Cloud computing, allows end users to utilize the resources like hardware, software, servers etc. on a demand-driven basis, unlike grid and cluster computing which are the traditional approaches to utilize the resources. Enormous amounts of data flooded across the Internet and the storage capacities of the relational technologies have experienced inadequacy to access the huge amounts of data. To store huge volumes of data, most of the organizations, particularly social networking sites and e-commerce sites are moving towards the cloud to deploy their applications, but at increased security risks. These growing amounts of data which are too big and complex to capture, store, process, and interpret are referred to as Bigdata. “It is characterized by the 4V’s, such as Volume, Velocity, Veracity and Variety”. The storage and analysis of such data can be made effective using the NoSQL databases.
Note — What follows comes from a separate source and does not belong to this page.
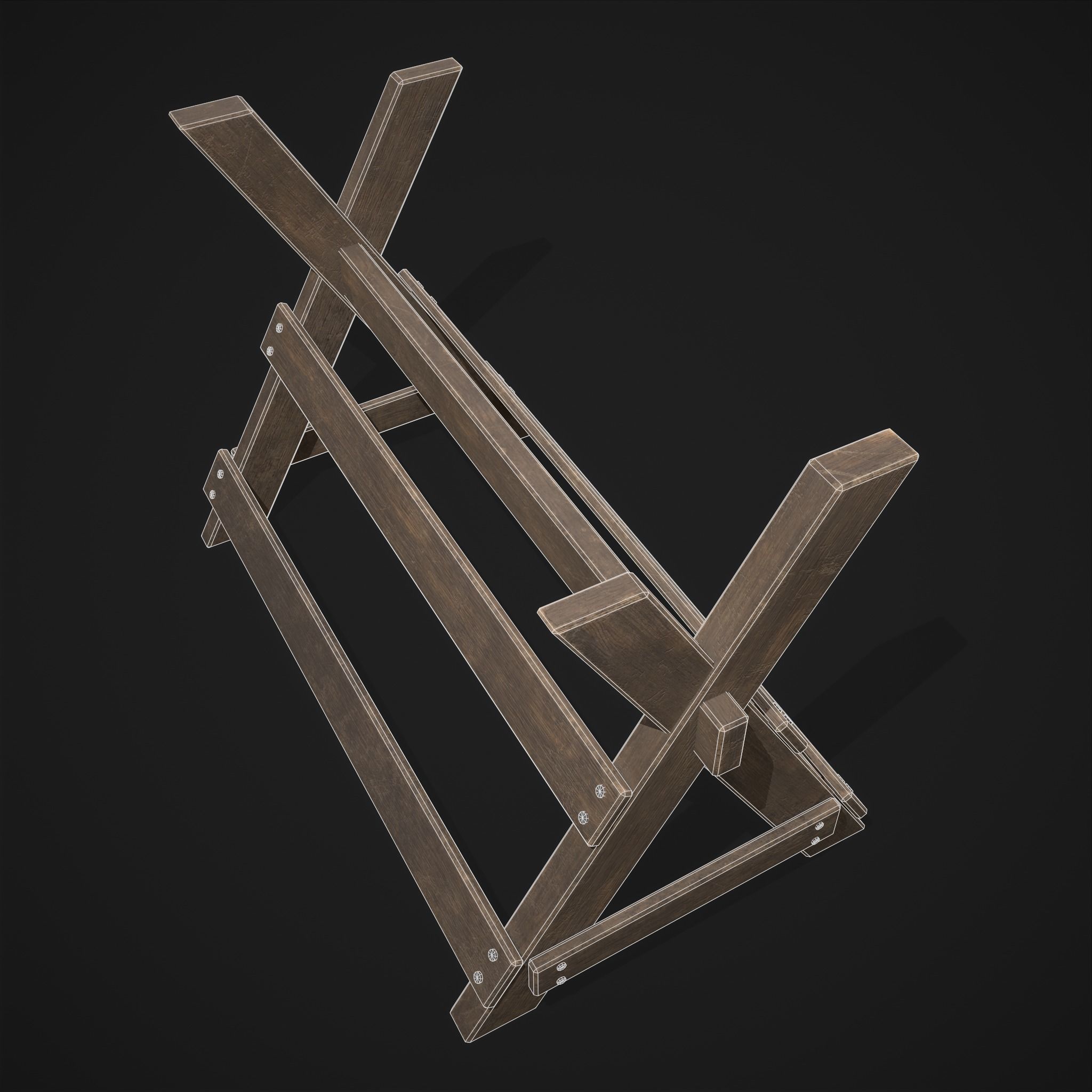 Wood Log Saw Horse Low-poly 3D model_24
Most modern world data is processed in the form of word documents, pdf files, audio and video formats. Relational databases may not be suitable to serve such data. If relational databases are used for scalable applications, it will impose heavy costs. This feature makes them less attractive for deploying large scale applications in a cloud. An alternative approach is to use the emerging NoSQL databases, which are not ACID-compliant (Atomicity, Consistency, Isolation, and Durability). Atomicity requires actions (read/write) to be either fully complete or not done at all. Consistency ensures only valid data is to be stored in database. Isolation ensures that concurrent execution of actions results in a system state that would be obtained if actions are executed serially. Durability ensures that the committed actions will remain so in the event of system failures. In contrast to relational databases, NoSQL provides support to structured, unstructured, and semi-structured storage of massive data in terms of peta bytes (Gupta and Narsimha, 2015).
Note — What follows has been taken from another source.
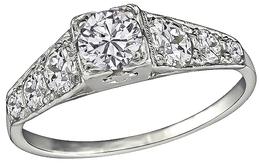 Estate 0.30ct Center Diamond 0.70ct Diamond Engagement Ring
Each of the NoSQL databases is suitable for a particular task and it is essential to note that not all the available types are suitable to deal with all the data formats and consistency models. For example, the column oriented data store hbase is suitable to analyze mission-critical data that relies on strict consistency where changes made across one node are to be immediately reflected across all the other nodes in a cluster. On the other hand, key-value data store Cassandra is suitable to deal with less critical data where eventual consistency is sufficient to make appropriate decisions as the changes made across one node need not propagate instantly across all the other nodes in a cluster. For example, if a Facebook user has purchased a brand new four wheeler, then this message is not of much importance to be sent to all the people in his friend’s list. Some of the NoSQL data stores fall under more than one category like Cassandra is both a key value and a column oriented store as well. Hence the classification is taken to be a fuzzy one.
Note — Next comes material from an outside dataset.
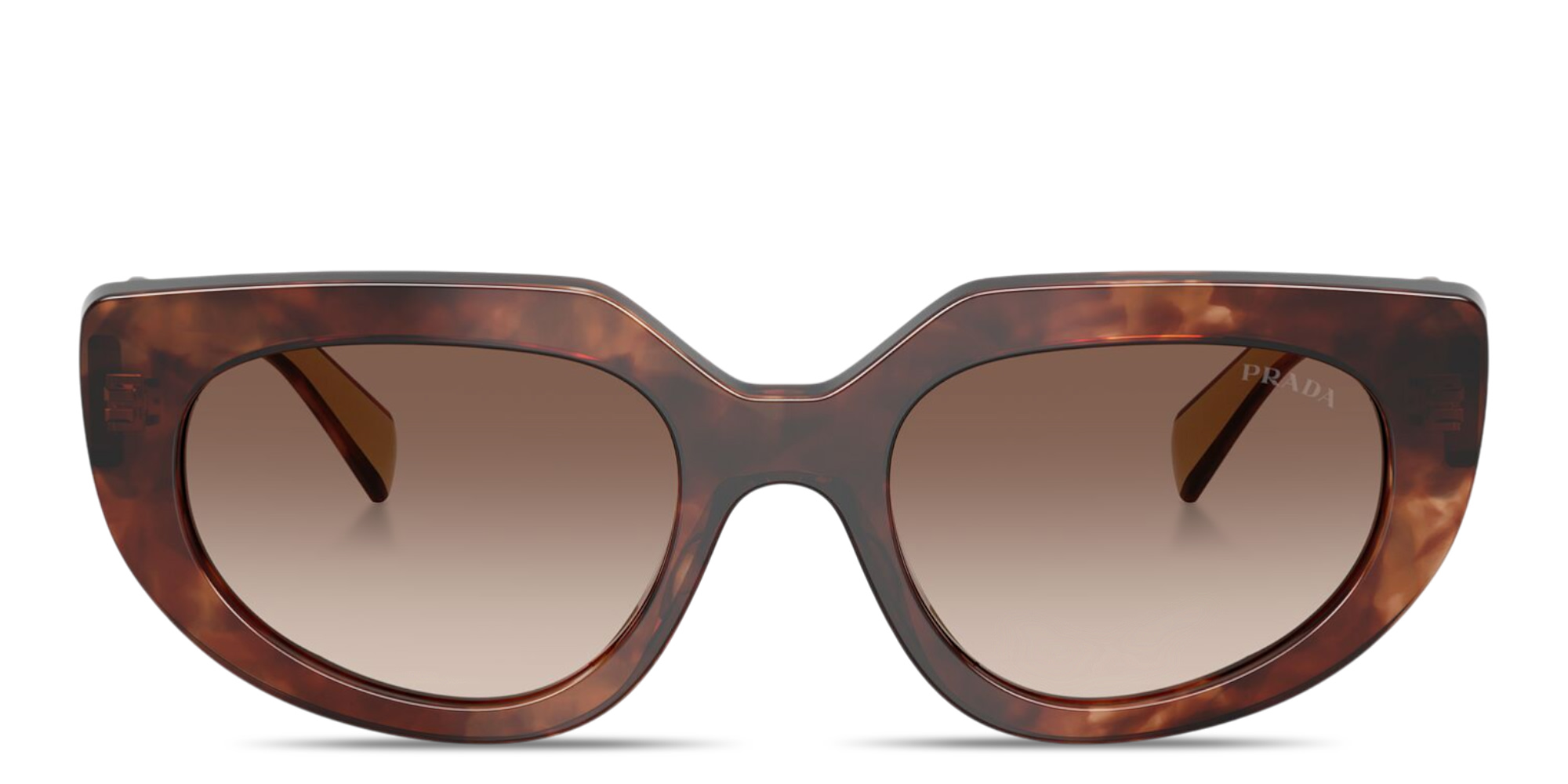 Shop PRADA Logo Signature Oval Sunglasses in Caramel Tortoise online.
In NoSQL databases, current security trend is weak in nature, authentication and encryption is almost nonexistent. Authentication if exists, is not enabled by default in most of the NoSQL data stores. External encryption tools cannot be used, and they are vulnerable to SQL injection attacks. Based on the user requirements to provide security for chosen NoSQL data stores, this paper focuses on the various levels at which security can be provisioned by throwing a light on the security limitations that can motivate people to design solutions to overcome the limitations. A solution is proposed as a part of the proposed work by designing a framework to achieve security for the web crawler applications for the selected NoSQL and relational data store and results are presented to show the effectiveness of the proposal by choosing an appropriate algorithm to preserve Confidentiality, Integrity and Availability aspects. In this work, NoSQL database Cassandra is chosen as an appropriate type to store and analyze the data emerging from social networking service like twitter streaming data to prove the security aspect using web crawler application.